Several other genes on other chromosomes are involved in determining susceptibility to CD. Two interesting genes, one on chromosome 5 and one on chromosome 10, contribute to the new vision of the genetics of CD. On chromosome 5, the SLC22A4/SLC22A5 haplotype codes for molecules involved in cationic transport, other solutes and carnitine (OCT-1 y OCT2)[34-36]. In some populations, an epistatic interaction has been found to exist between the CARD15 mutations and the 250 KB region of 5q31[37,38]. The other interesting gene in this context is the DLG5 on chromosome 10, which is a gene that is important in the scaffolding of the epithelial cell[39,40].

The 250 KB region of 5q31 and the HLA region of 6p21 contain several genes that are of paramount importance in the regulation of the immune response and probably contribute to the phenotype of the patient with IBD. The HLA-DRB1*0103 allele is associated with UC and with the colonic localization of CD[41,42].

Carriers of HLA-DRB1*0103, B*35 and B*27 have higher risk for arthralgias/arthritis in some of the greater articulations and HLA-B*44 carriers are at higher risk for symmetric poly-arthritis[43,44].

A meta-analysis of 1068 CD patients has also implicated the genes described above in the development of CD and this study identified other regions of potential relevance on chromosomes 2q, 3q, 17q and 19q[45].

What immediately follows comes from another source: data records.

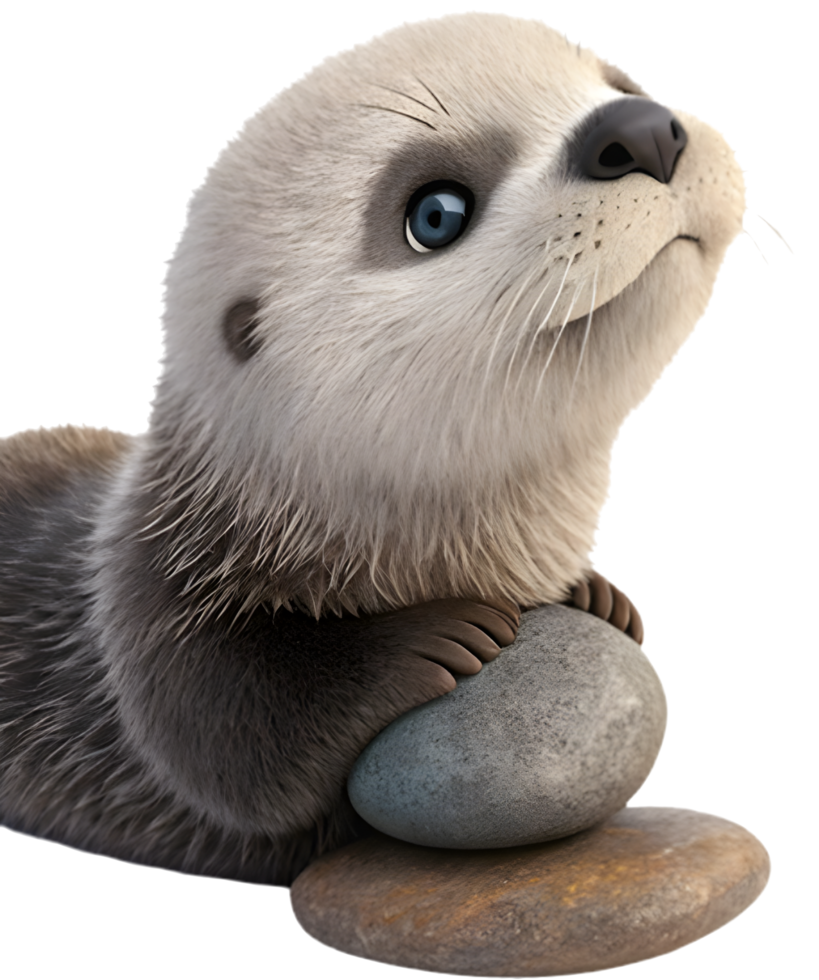 Sea Otter Cartoon with Playful Spirit for Designs. . png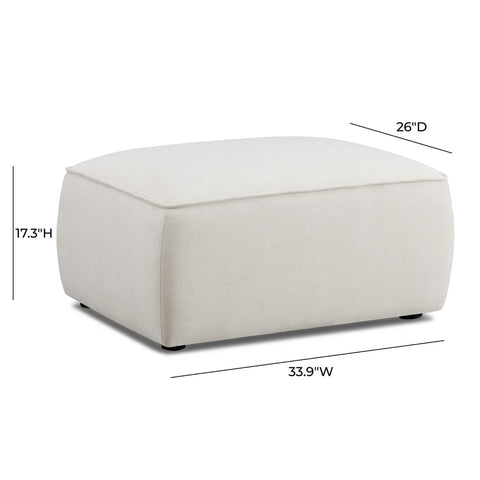 Travie Sand Upcycled Linen Ottoman Model: TOV-OC69205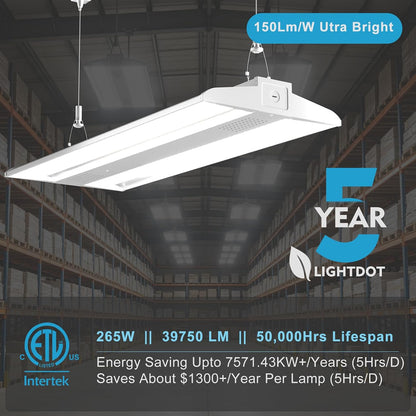 Lightdot 2FT 200W LED High Bay Light 30000LM High Bay Shop Light | Industrial Linear High Bay Troff Style, 5000K ETL Listed, 100-277V Aluminum, 7-Yr Warranty,for Garage/Workshop/Gym/Warehouse
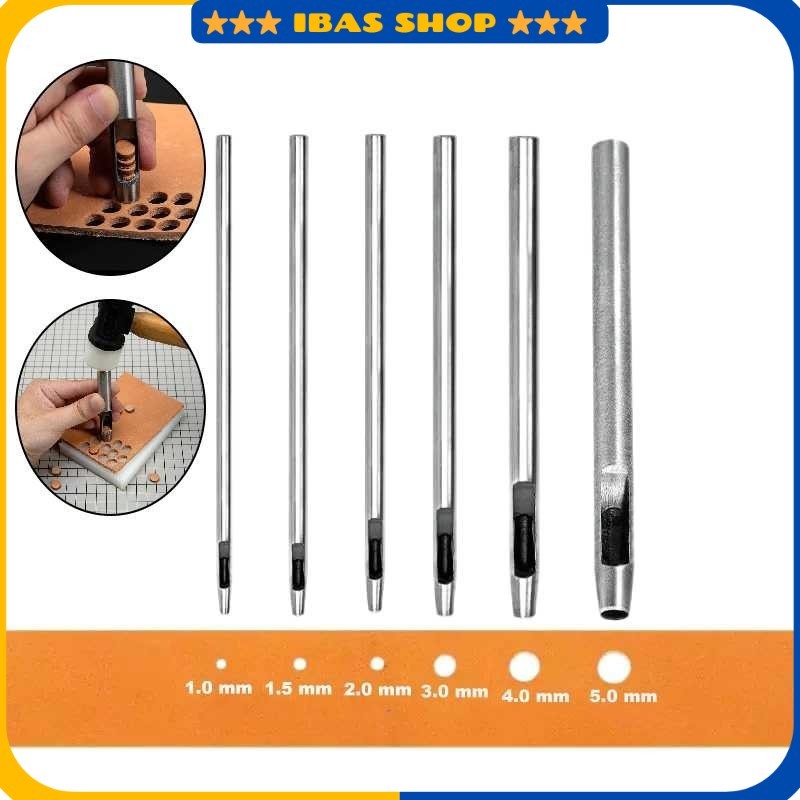 

Set Pelubang Kulit Leather Hole Puncher Steel Hollow Round 6 PCS - H881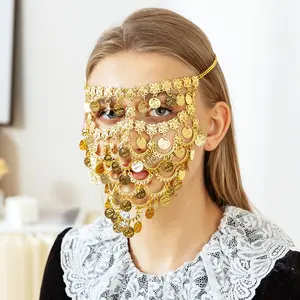 Vintage Ethnic-Style Polyester Mask with Golden-Metal Sheet Flower, Multi-Layered Tassels, Unique Sparkling Fringe, Festive Party Accessory Ideal for Indian Dance Performances, Party Masks & Accessories, Dance Accessory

THE CONTRIBUTION OF GENETICS TO A NEW VISION

In the new vision of CD, several genes are involved in the maintenance of the intestinal barrier, such as scaffolding genes (DLG5[46]), genes involved in the transport of key molecules for the homeostasis or exclusion of toxins (SLC[47] and MDR1[48,49]), genes involving the sensing of bacteria, both on the surface (TLR, CD14) and intracytoplamatically (CARD15, CARD4 and CARD8[50-52]. Whether a specific gene for regulating permeability exists, as has been suggested on chromosome 19, remains to be demonstrated. The combination of gene rich regions of chromosome 5 and 6 involved in regulating the immune response may contribute to the phenotype of the disease.

In summary, in less than a decade the genetics of IBD has evolved from epidemiology to molecular biology, and from observational studies to functional studies. The challenge for the coming years is the discovery of gene-gene interactions and gene-environment interactions.

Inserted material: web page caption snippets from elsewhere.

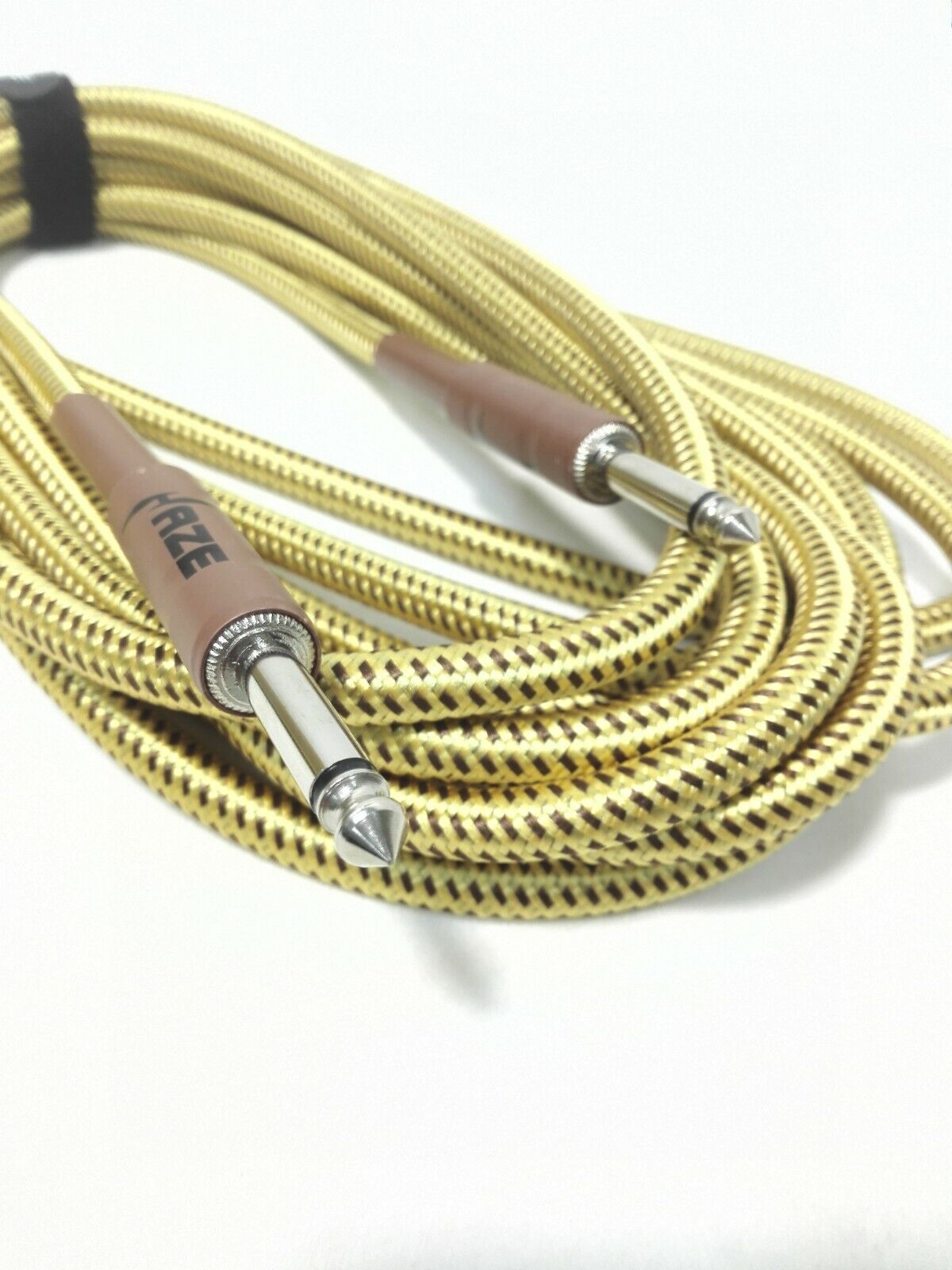 Haze Tour Grade Braided Tweed Guitar/Instrument Cable/Lead,3m,6m,10m,15m Yellow+Brown SFJJ-001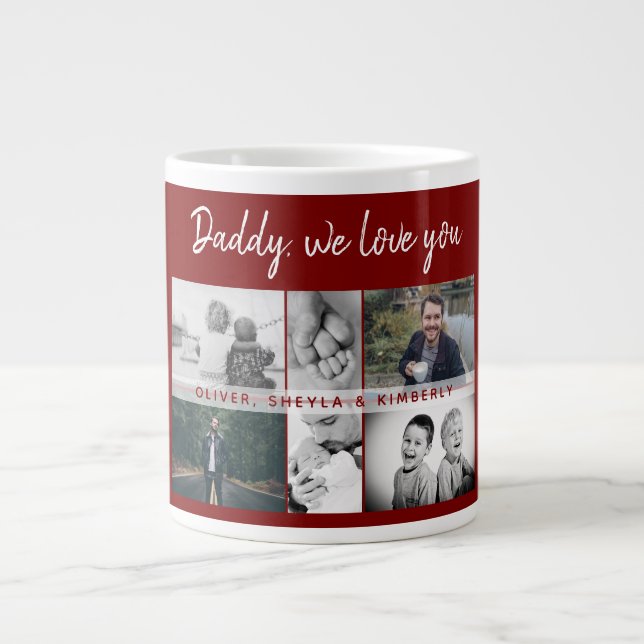 Vater mit Kindern und Vater FotoCollage Jumbo-Tasse (Vorderseite)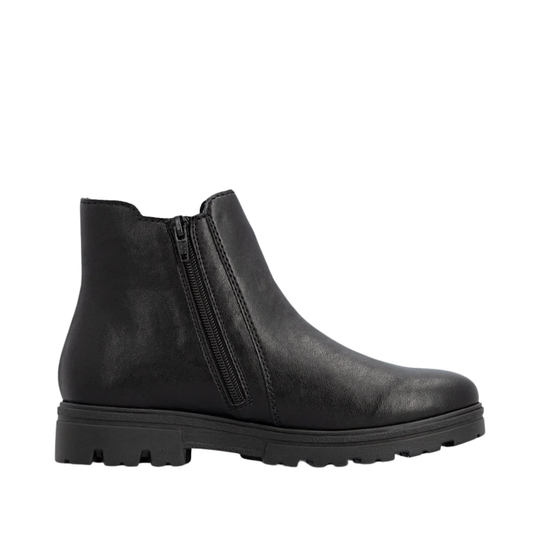 A black leather ankle boot with a side zipper, shown in a side profile view against a plain white background.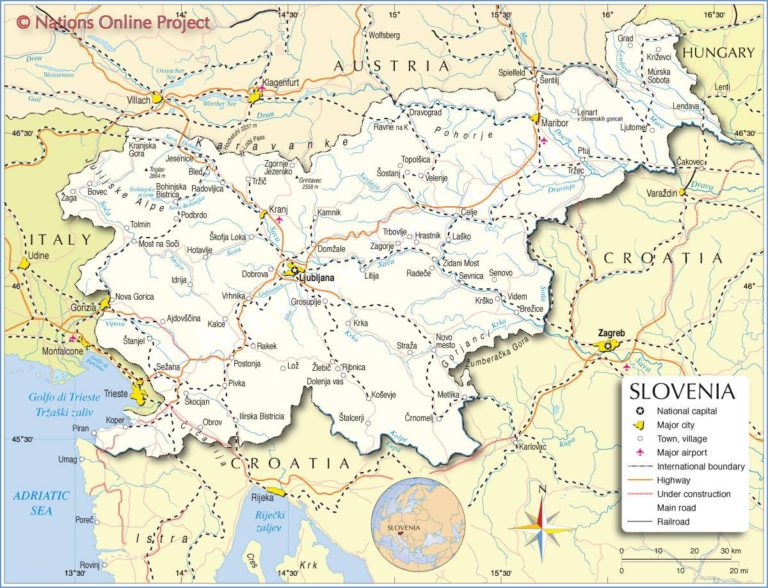 Carte De La Slov Nie Plusieurs Carte Du Pays En Europe   Slovenie Carte 768x588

A delineation of phenotypes based on genetic and molecular mechanisms will improve diagnoses and more accurate prognoses. This knowledge, together with advances in the understanding of the phenomenon of tolerance and the disruption of this mechanism in the understanding of chronic inflammation of the gastrointestinal tract, will lead to the design of better and novel therapeutic strategies. This should be the basis for effective drug development in addition to increasing knowledge generated by pharmacogenetics and pharmacogenomics.

Regarding the role of the environment in those individuals with a genetic susceptibility, new findings on epigenetic effects from long-term follow-up in monozygotic twins will open a new area of investigation. Investigators at the Spanish National Cancer Centre (CNIO) in Madrid have shown that older monozygotic twins exhibited differences in their overall content and genomic distribution of 5-methylcytosine DNA and histone acetylation. These epigenetic changes affect their gene-expression patterns and may explain the well-known disease discordance in these cases of monozygotic twins[53].